Thereness jokes
"Where exactly are you taking me, doctor?"
"To the morgue."
"What? But I’m not dead yet!"
"And we’re not there yet."
So three retards walk into a classroom...
Sike, it was the garbage. They mistook it for their classroom.
Knock, knock. Who's there? An armless person. Why? They got stumped on why they contacted you.
Knock knock! Who's there? It's Dave! Dave who? Dave proceeds to break down crying at the realization that his grandmother's Alzheimers has progressed to the point where she no longer remembers him.
Once, there was a Minecraft child molester on the Minecraft Facebook. He asks a kid his age. The kid blocks him.
How did Rihanna know that Chris Brown was cheating on her? There was a different color of lipstick on his knuckles.

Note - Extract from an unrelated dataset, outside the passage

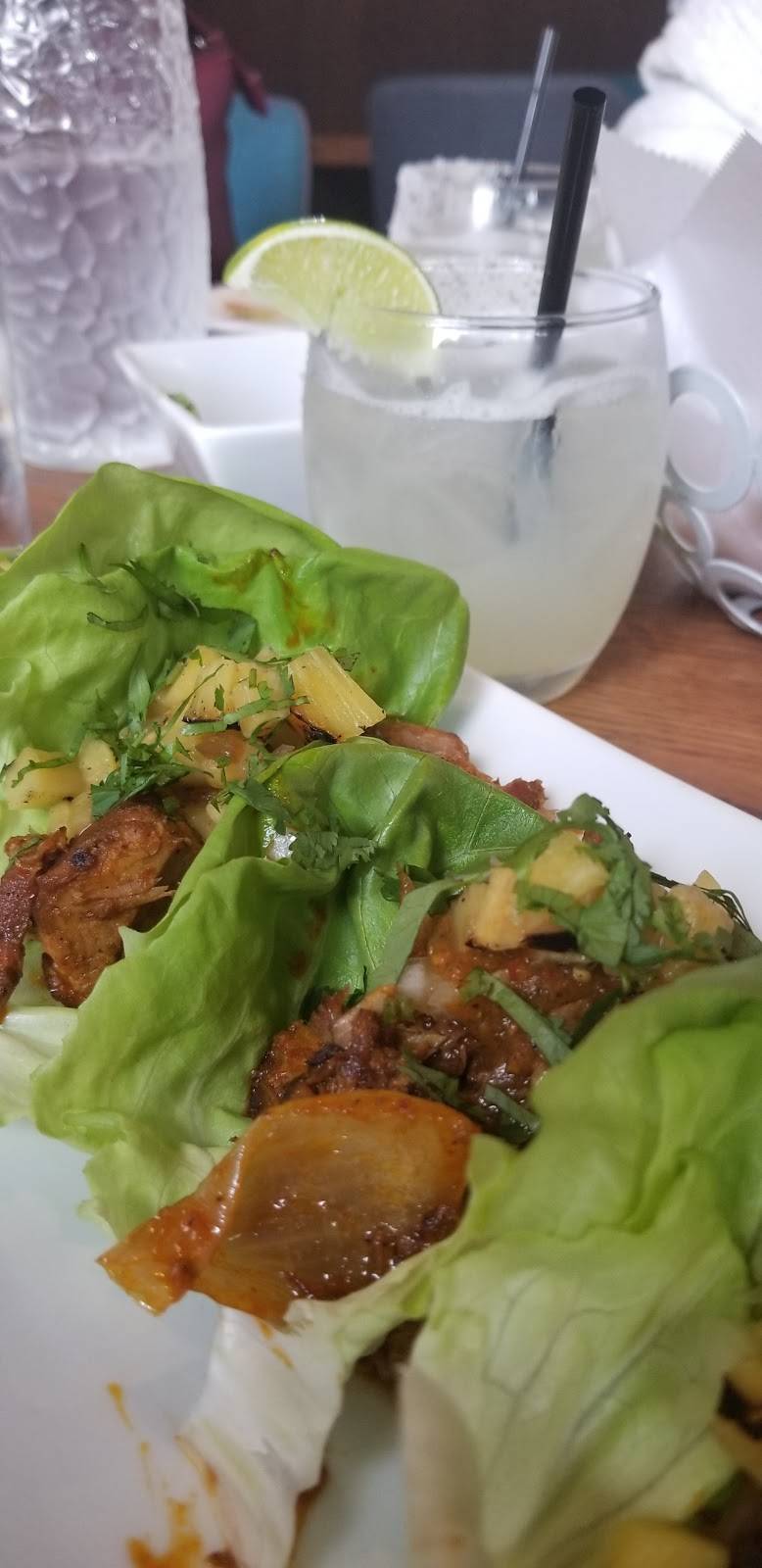 La Mesa Modern Mexican | restaurant | 51 S 1st St, St. Charles, IL 60174, USA | 6305490162 OR +1 630-549-0162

Yo mama's so fat, when God said, "Let there be light," he asked her to move out of the way.
There was a fancy dress party; the theme was emotions.
One guy came dressed in green, and he was envy; another person came dressed in red, and she was anger; another guy came dressed in blue, and he was sadness. Two Indians came, one came with a hole in a pear and his d*** was in the pear, said he was deep in dis"pear." The other Indian came with his d*** in custard, and he said he was f***ing dicustard!
Yo mama is so ugly, when there was a tornado, the tornado refused to suck her up.
Why did Sally fall off the swing?
She didn't have any arms.
Knock, knock.
Who's there?
Not Sally.
What's the best part about having sex with 28 year olds? There are 20 of them.
A panda walks into a bar. He asked the bartender for a sandwich and then proceeds to shoot him, then leaves the bar. Later on, after asking witnesses, the police track down the panda and take him to the station. They question him and ask, “Why’d you do it?” The panda replied, “It’s what pandas do, look it up.” So they did, they went on Wikipedia, and there it was: Pandas eat shoots and leaves.
Knock, knock.
Who's there?
Boo.
Boo who?
Don't cry, it's just a joke!
Knock knock. "Who's there?" "Grandma." "Oh, okay."
Nah, it's a penis.
A guy and a woman are walking into a forest. The woman says she is lonely. The guy then says, "Don't worry, there will be a third person in a little while."
How did Stephen Hawking die?
There was a power outage.
What is the one thing wrong with Asian pet stores?...
There is always a kitchen in the back.
A girl comes home and finds her dad and 4-year-old brother on the sofa. She says, "Dad, why is he wearing that face mask?"
The dad buckles his belt and says, "There's more for you, hunny."
Did you know that there is a new drug on the market for lesbians who are suffering from depression? It's called Trycoxagain.
A foreign man came to America not knowing a word of English and right away began looking for a job. He became a chorus teacher and learned to say, "Mi-mi-mi-mi-mi!" After that he joined the Army and learned to say, "Yes sir!" After that he worked at a restaurant and learned to say, "Forks and knives, forks and knives!" After that he worked at a candy store and picked up the words, "Goody-goody gumdrops!"
A few weeks later, there was a murder in the area and he was the first person to be interrogated by the police. The interrogation went as follows:
Policeman: "Who killed the man?" Foreign man: "Mi-mi-mi-mi-mi!" Policeman: "Did you kill the man?" Foreign man: "Yes sir!" Policeman: "What did you use to kill him?" Foreign man: "Forks and knives, forks and knives!" Policeman: "You're under arrest." Foreign man: "Goody-goody gumdrops!"